If your child is fencing a teammate, what should you do?
This is a tough situation, and it’s one that isn’t all that uncommon. Depending on the level that your child is fencing at and how big your fencing club is, it’s quite possible for your child to end up fencing one of their teammates during a competition.
Tournament organizers work hard to keep fencers from the same club from fencing against each other in the pool, but it’s not always possible. But in the Direct Elimination round, when the opponents are defined based on the previous pool round, fencers are very likely to face their own teammates. This can happen in any competition, small local ones or big national and even international tournaments.
Coach protocol when teammates fence
You’ll notice that when two teammates fence one another in competition, the coaches step out and don’t support either fencer. Instead, they often go to another bout or step out during that match. Many coaches don’t even watch the bout when two teammates are fencing against one another, not even learning the final score until the bout is over.
The reason for this is that fencing coaches know that if they get into the middle of the bout, it’s going to be unfair one way or the other. Impartiality is incredibly important in sports, and someone is always going to feel like they got the short end of the stick if a coach steps in at an inappropriate time. Fencing coaches are incredibly concerned with the outcome of all of their fencers, and want to provide the best support that they can. That means stepping out when they need to.
Do note that every fencing club is different and will have slightly different protocols, particularly when it comes to coaching. But the heart of the matter is that all clubs are going to do their best to present an impartial face for their fencers.
Parent protocol when teammates fence
Though a coach might not be up and doing strip coaching when a fencer is fencing a teammate, what we do sometimes see is that parents hop up and assume the role of coach and start strip coaching very vocally in support of their child.
This is absolutely the WRONG thing to do!

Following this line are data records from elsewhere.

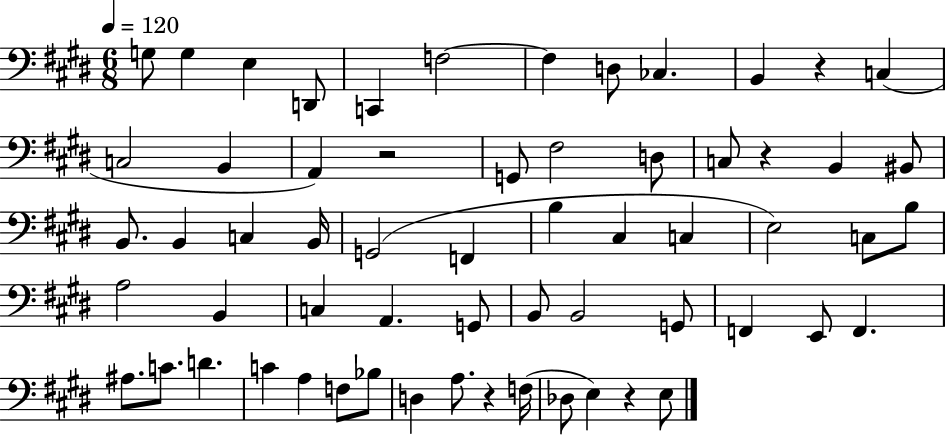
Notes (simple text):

G3/e G3/q E3/q D2/e C2/q F3/h F3/q D3/e CES3/q. B2/q R/q C3/q C3/h B2/q A2/q R/h G2/e F#3/h D3/e C3/e R/q B2/q BIS2/e B2/e. B2/q C3/q B2/s G2/h F2/q B3/q C#3/q C3/q E3/h C3/e B3/e A3/h B2/q C3/q A2/q. G2/e B2/e B2/h G2/e F2/q E2/e F2/q. A#3/e. C4/e. D4/q. C4/q A3/q F3/e Bb3/e D3/q A3/e. R/q F3/s Db3/e E3/q R/q E3/e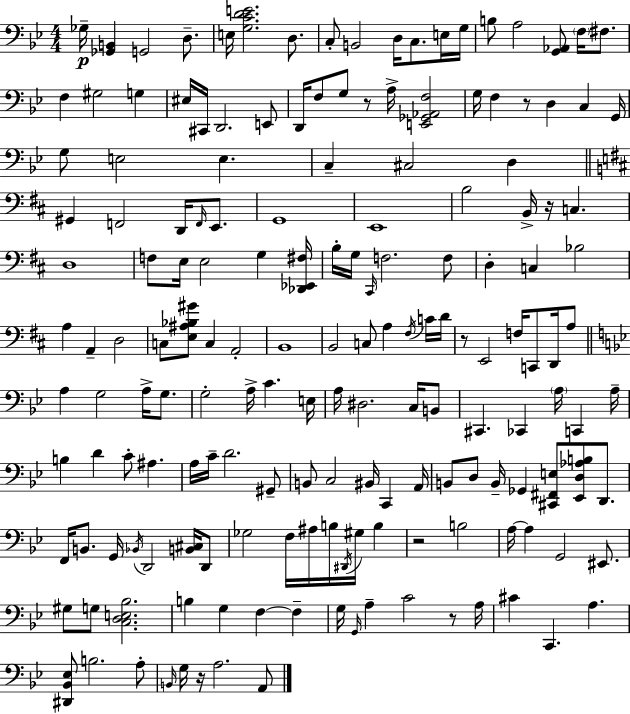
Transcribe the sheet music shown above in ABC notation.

X:1
T:Untitled
M:4/4
L:1/4
K:Bb
_G,/4 [_G,,B,,] G,,2 D,/2 E,/4 [G,CDE]2 D,/2 C,/2 B,,2 D,/4 C,/2 E,/4 G,/4 B,/2 A,2 [G,,_A,,]/2 F,/4 ^F,/2 F, ^G,2 G, ^E,/4 ^C,,/4 D,,2 E,,/2 D,,/4 F,/2 G,/2 z/2 A,/4 [E,,_G,,_A,,F,]2 G,/4 F, z/2 D, C, G,,/4 G,/2 E,2 E, C, ^C,2 D, ^G,, F,,2 D,,/4 F,,/4 E,,/2 G,,4 E,,4 B,2 B,,/4 z/4 C, D,4 F,/2 E,/4 E,2 G, [_D,,_E,,^F,]/4 B,/4 G,/4 ^C,,/4 F,2 F,/2 D, C, _B,2 A, A,, D,2 C,/2 [E,^A,_B,^G]/2 C, A,,2 B,,4 B,,2 C,/2 A, ^F,/4 C/4 D/4 z/2 E,,2 F,/4 C,,/2 D,,/4 A,/2 A, G,2 A,/4 G,/2 G,2 A,/4 C E,/4 A,/4 ^D,2 C,/4 B,,/2 ^C,, _C,, A,/4 C,, A,/4 B, D C/2 ^A, A,/4 C/4 D2 ^G,,/2 B,,/2 C,2 ^B,,/4 C,, A,,/4 B,,/2 D,/2 B,,/4 _G,, [^C,,^F,,E,]/2 [_E,,D,_A,B,]/2 D,,/2 F,,/4 B,,/2 G,,/4 _B,,/4 D,,2 [B,,^C,]/4 D,,/2 _G,2 F,/4 ^A,/4 B,/4 ^D,,/4 ^G,/4 B, z2 B,2 A,/4 A, G,,2 ^E,,/2 ^G,/2 G,/2 [C,D,E,_B,]2 B, G, F, F, G,/4 G,,/4 A, C2 z/2 A,/4 ^C C,, A, [^D,,_B,,_E,]/2 B,2 A,/2 B,,/4 G,/4 z/4 A,2 A,,/2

For the same reason that coaches shouldn’t be strip coaching during a teammates’ bout, parents shouldn’t be doing the same thing either. Fencers are much better served in having their parents sit and watch the match with good composure than they are having their parent jump up and shout things during the match.
Cheering against your teammates, whether you’re a parent or a sibling, is a bad idea! No matter how you’re involved in the club, cheering against those people who are your teammates bothers both them and you.
Why cheering against teammates is bad news
It’s one thing for a fencer to hear people that they don’t know cheering for their opponent, but hear familiar voices cheering and encouraging your opponent is incredibly distracting. When you’re on the strip, you’re trying to focus on winning by pushing your mind and your body to as sharp a place as possible. It absolutely dulls a fencer’s focus to hear the sounds of people they know cheering on their opponent!
The other reason that you shouldn’t cheer against your child’s teammates is that it’s simply bad sportsmanship. We want to be fair and good to each other – it’s one of the things that sport teaches us! If you wouldn’t like someone cheering for your child to fail, then don’t cheer for someone else’s child to fail. It’s just that simple.
Finally, we want to point out that your child is probably already feeling a little divisive about having to fence their friends and teammates. It’s a stressful situation for your child, and you cheering against their opponent is only going to make them feel even more stressed. This is one of those situations in which you should allow your child to just experience their match on their own. Let their training take over!
The bottom line is that preparation and skill are going to set the stage for who wins. You can’t influence the bout by shouting out things during it! No matter how passionate you are about your child (and of course you’re passionate about your child!), you’re best served to just keep quiet during their bout with a teammate. You’ll be teaching them valuable skills about how to treat other people, and you’ll also be allowing them to shine their brightest.